Every year I write something like this about St. Patrick’s Day. The newspapers won’t ever print it, because St. Patrick’s Day is, first and foremost, about marketing. They would lose advertisers if they didn’t support the holiday. (The managing editor of my local paper is also very Irish.) I understand their thinking, but I still refuse to observe it.
I wasn’t always that way. Obviously, this is not my holiday – I am not Irish by birth, marriage, or residence – but I manage to accept Christmas, as well as other holidays that my friends enjoy. Some of my friends are “professional Irish,” so proud of their heritage that you’d almost forget they’re U.S. citizens. (One guy I know even carries an Irish passport in addition to his American one.) I love to see my friends have a good time, and I am usually happy to assist.
St. Patrick’s Day is especially festive in New York City, where the parade down Fifth Avenue is so huge that bands and marchers are assembling in the side streets for thirty blocks. About the only way to cross the avenue that day is to get on the subway at Grand Central Station on the east side and ride to Penn Station on the west side.

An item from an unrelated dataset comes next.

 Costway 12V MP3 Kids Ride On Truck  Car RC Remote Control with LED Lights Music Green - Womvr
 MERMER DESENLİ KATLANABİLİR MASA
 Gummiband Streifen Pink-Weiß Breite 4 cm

No one is particularly annoyed, because it’s just a big party.
It’s a big party in Boston now too. New Haven advertises that its parade is the biggest between Boston and New York, as well as the oldest in New England. I was kind of surprised about that, until I remembered about Boston and its “no Irish need apply” signs.

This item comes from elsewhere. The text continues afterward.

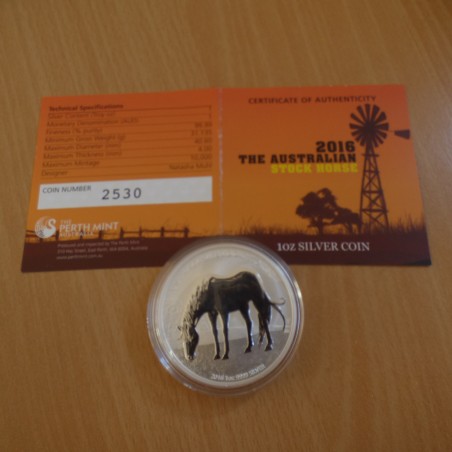 Australie 1$ Stock Horse 2016 argent 99.9% 1 oz + CoA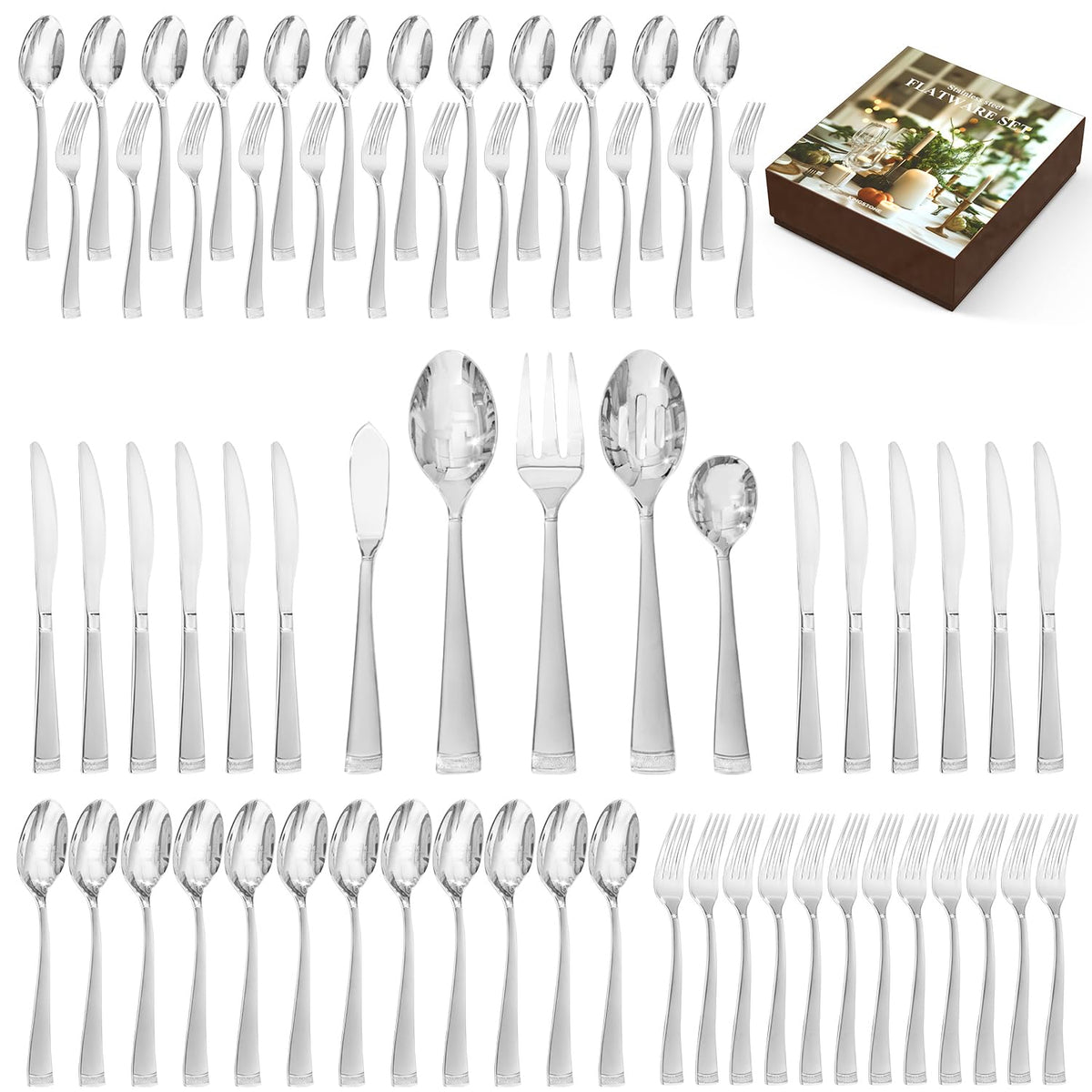 KINGSTONE 20-Piece Flatware Set, 18/10 Stainless Steel Silverware Set for 4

However, several years ago, the Knights of St. Patrick made a public statement to the effect that St. Patrick’s Day is a religious holiday, to be observed only by good Catholics. It was an exceedingly offensive announcement, and I was offended. I’m still offended. They don’t mind taking my money for greeting cards and decorations, but they don’t want me, because I am not Catholic. Go stick it in your ear! Show me no green carnations, green bagels or green beer. I’m not playing.
“Oh, no,” says my friend Gloria, who wears the map of Ireland on her face. “They don’t mean you. That was for all the fairies.” Excuse me? I just don’t see the relevance. Why should some people’s homophobia stop others from participating? They supported Irish independence as much as all the others.
More than a hundred years ago, a well-known actress said – perhaps in defense of Oscar Wilde – that people should be able to do whatever they wanted, as long as they didn’t do it in the street and stop the traffic… She was right, of course, but isn’t that what the parade does?
However, on a similar subject, some things do improve. Remember when Bosslawyer turned down a case and I said I didn’t understand? Recently, he agreed to help that same young man. He won’t appear for him, as the guy seems to be doing all right by himself. However, he will look over the papers and advise him over the phone, and he is doing this pro bono. I am please to see that, evidently, his conscience won out.